With a fifth character added to the Rizzo mix, confusions and complications ensue. Since Joyce thinks Vince is cheating, in retaliation she begins flirting with the 20-year old Tony. Joyce is a good looking woman, so Tony is intrigued but he is more interested in Vivian who, of course, unbeknownst to him, is his half sister. Meanwhile, Vince, at his acting classes, meets fellow student Molly (Emily Mortimer) who talks him into auditioning for a Scorsese movie.
I’ll leave the plot at this point and simply say, there are enough misunderstandings and dysfunction to fill five or more Mitch Leigh movies. But, like a good jazz riff, de Felitta keeps the many moving parts – perhaps a few too many – straight and, most importantly, fun. He understands that a proper farce, like a good jazz solo, needs plenty of tension and friction to work. De Felitta also works well with actors and, like a jazz arranger, gives each plenty of room to roam.
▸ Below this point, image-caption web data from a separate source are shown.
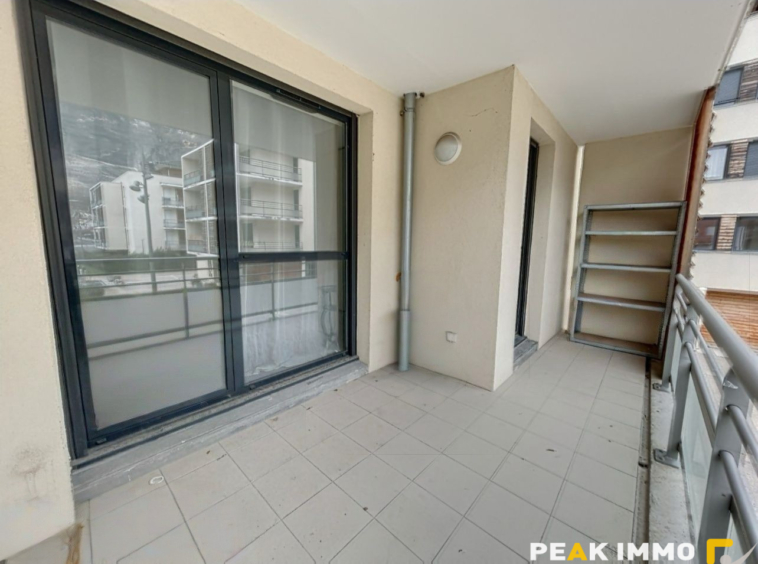 ETREMBIERE - Charmant T2 à louer à Étrambières   À 5 minutes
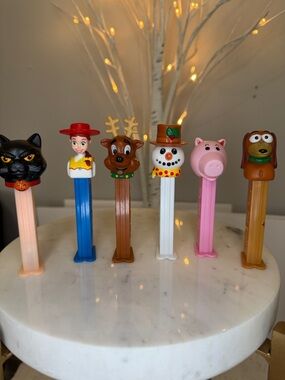 PEZ Set of 6 dispensers! ALL Like New condition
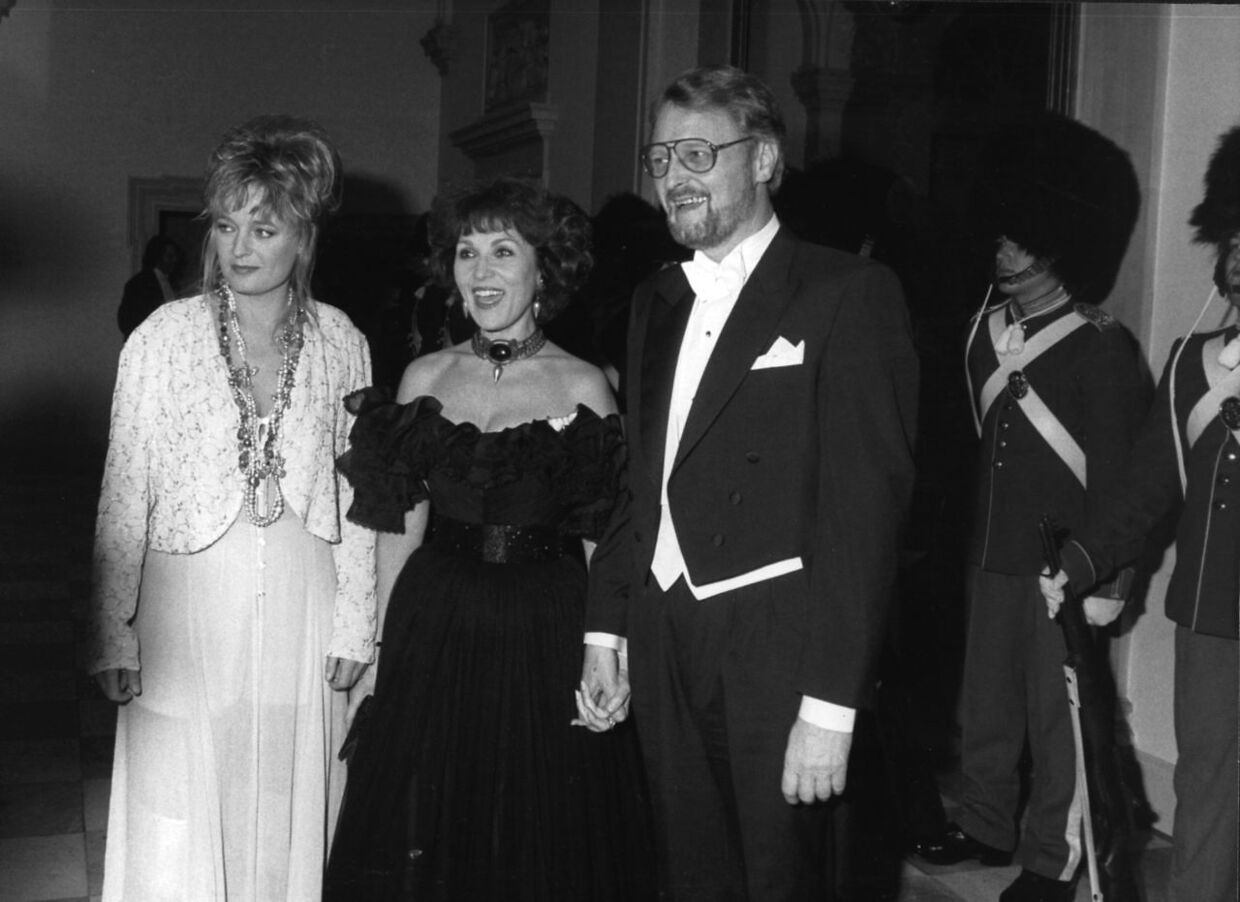 Anne Linnet, Susse Wold og Bent Mejding til fest på Christiansborg Slot, inviteret af Dronningen. 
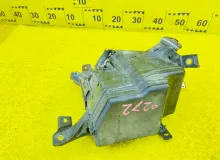 Блок предохранителей LEXUS RX450H 2009/Цвет 077 8266248310 GYL15W 2GRFXE, передний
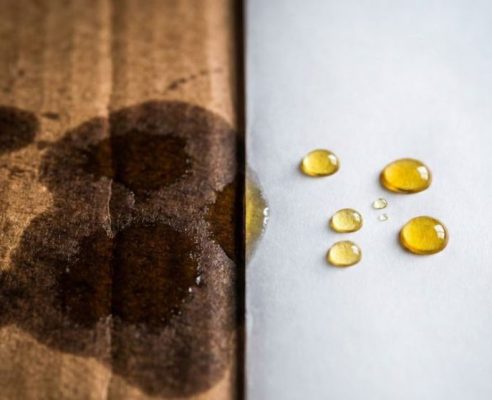 مقایسه کاغذ معمولی با بسته‌بندی ضدچربی و عدم نفوذ روغن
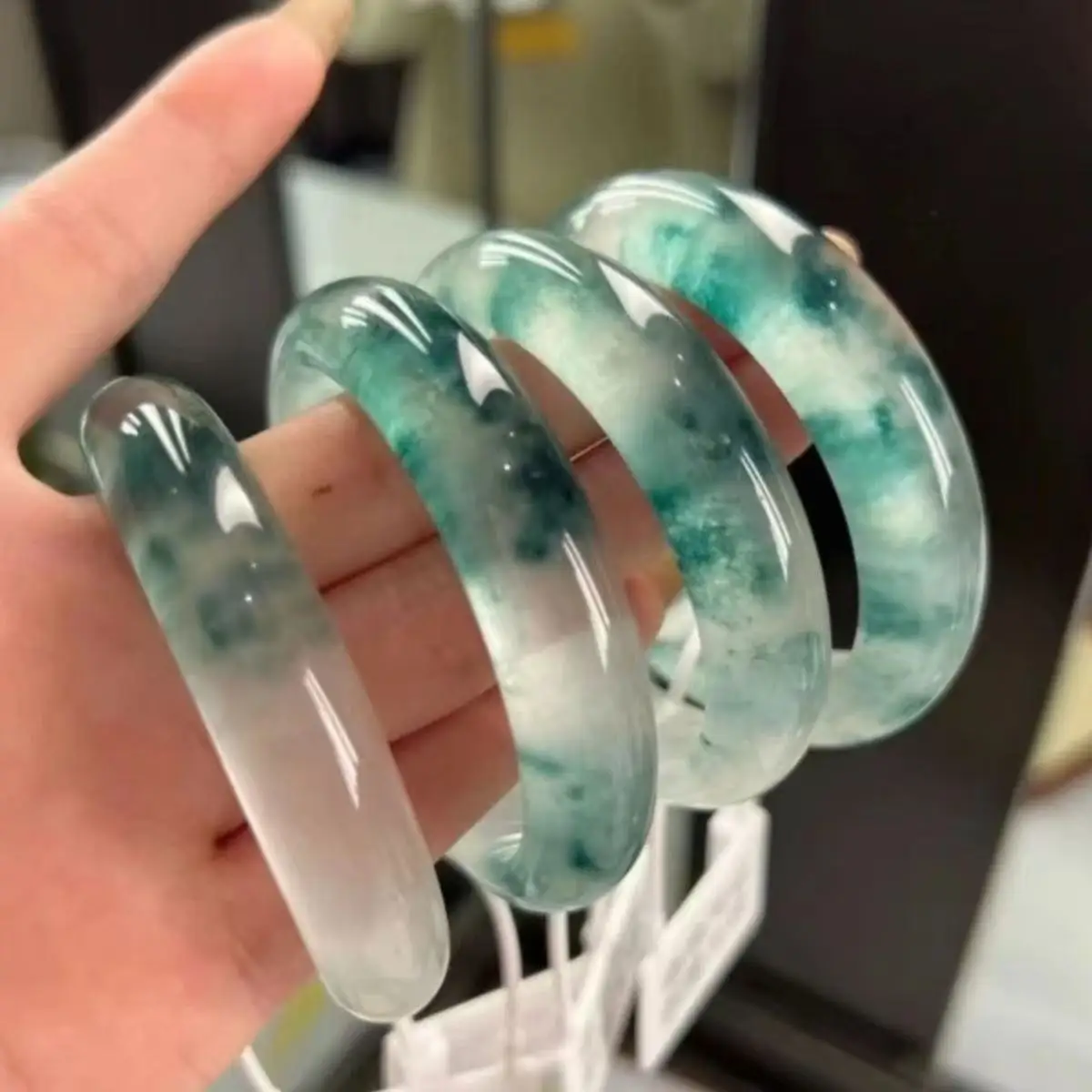 المنتجات المعتمدة الجليد الطبيعي النقي ثلاثة أقسام العائمة زهرة خضراء الكوارتز اليشم سوار الزمرد اللون الإسورة للنساء #2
Garcia and Margulies have never been better. Their scenes together are brimming with life, are funny and occasionally harrowing. Garcia, in particular, gives a most satisfying performance and shows a previously untapped flair for comedy, making Vince a likable and vulnerable character. Margulies’ performance is equally stellar and the fierce and funny Joyce bears no resemblance to Alicia Florrick in the popular TV series The Good Wife. Mortimer exhibits an innate glow as fellow acting student Molly; her scenes with Garcia are believable and project much warmth. Alan Arkin, as usual, is great in a small role as Vince’s drama teacher.
No eye-blink edits, no squealing tires or shattering glass, no pumped-up special effects, just a warm story about a dysfunctional but likable family. De Felitta’s City Island is a relief from the usual Hollywood formulaic, by-the-numbers dreck and is highly recommended.